La fiesta inolvidable

Crítica de 'Proyecto X'
El recurso de la cámara en mano para crear un falso documental es un método utilizado principalmente en films de terror. Los primeros en usarla fueron Daniel Myrick y Eduardo Sánchez en ‘The Blair Witch Project’, que resultó un éxito inesperado dado el bajísimo costo con el cual fue realizada, y la sensación palpable del miedo, ser partícipe exclusivo de los desafortunados hechos de los protagonistas. Con el tiempo se volvió menos novedoso y, con mejores y peores resultados, hoy resulta un recurso casi banal.

Antes de ver ‘Proyecto X’, me interesaba ver cómo funcionaba ese recurso en una comedia. Y el resultado es gris.


La película sigue a tres amigos –cuatro con el que filma, pero es un personaje con ínfima participación-, que no se alejan del clisé de “perdedores” visto infinitas veces, con muchas similitudes al trío de ‘Supercool’ -pero con menos gracia-. El cumpleaños de uno de ellos es la excusa y oportunidad para organizar la fiesta que siempre soñaros: mujeres, alcohol, sexo…

Claro que las cosas irán complicándose cada vez más y, una vez que pierdan por completo el control de la situación, alcanzará límites inimaginables.

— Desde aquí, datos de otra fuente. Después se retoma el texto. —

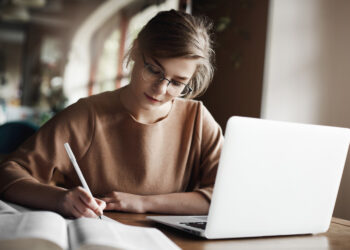 Ofrecen becas para incrementar el desarrollo profesional en el sector energético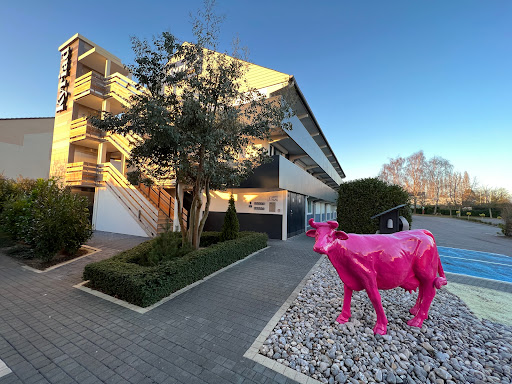 Photo de Domaine du Martinaa - Gite, Piscine chauffée, Parc Animalier en Normandie à Saint-Désir (14100)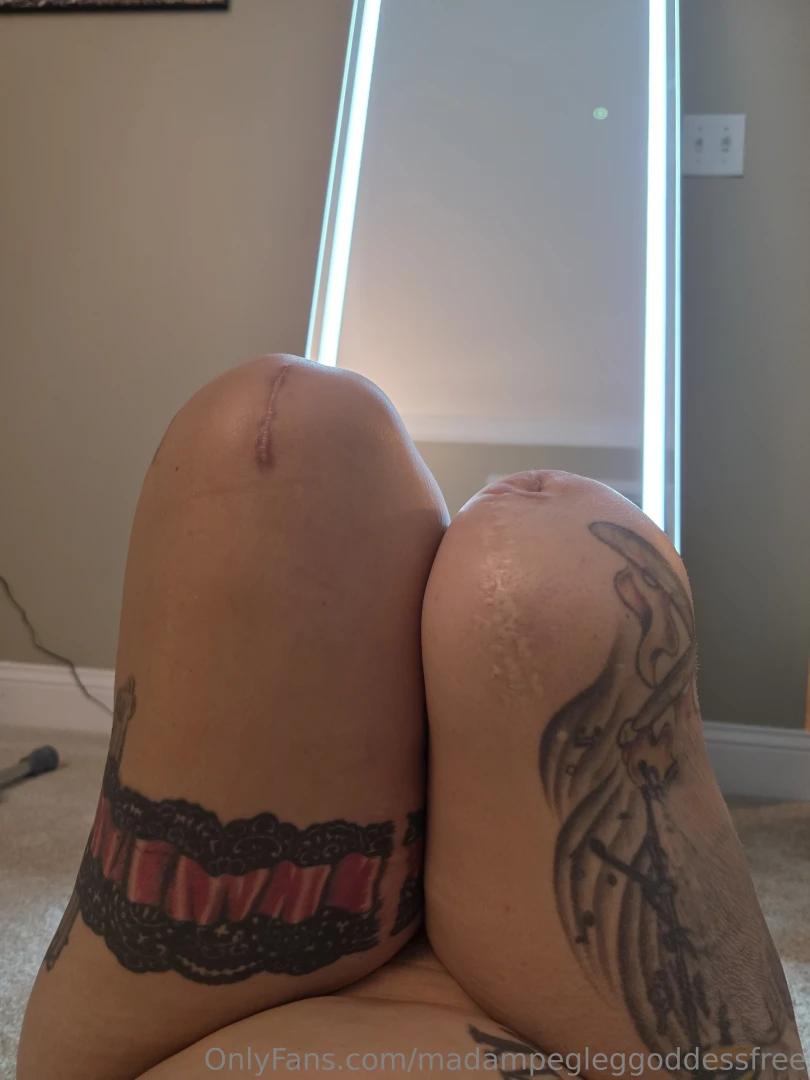 It s midweek and your queen is feeling extra playful leslie s taking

‘Proyecto X’ resulta una especie de “sueño” para cualquier adolescente: una fiesta épica, cargada de excesos, significa una gran fantasía. Indudablemente la película apunta a ese público, y éste no saldrá decepcionado. Pero, analizándola con más profundidad, notamos una película apenas discreta. No funciona como falso documental, ya que posee un trabajo de edición que no corresponde a una simple cámara utilizada por un amateur de 17 años, más una buena cantidad de planos que menos aún pertenecen a quien registra la increíble velada. Tampoco genera ninguna carcajada, más bien observamos con relativa exaltación las innumerables situaciones –la mayoría inverosímiles- que les toca vivir sus protagonistas o a algunos de los cientos de invitados.

‘Proyecto X’ es esa impresionante fiesta de la cual, lamentablemente, no somos partícipes. Nada más.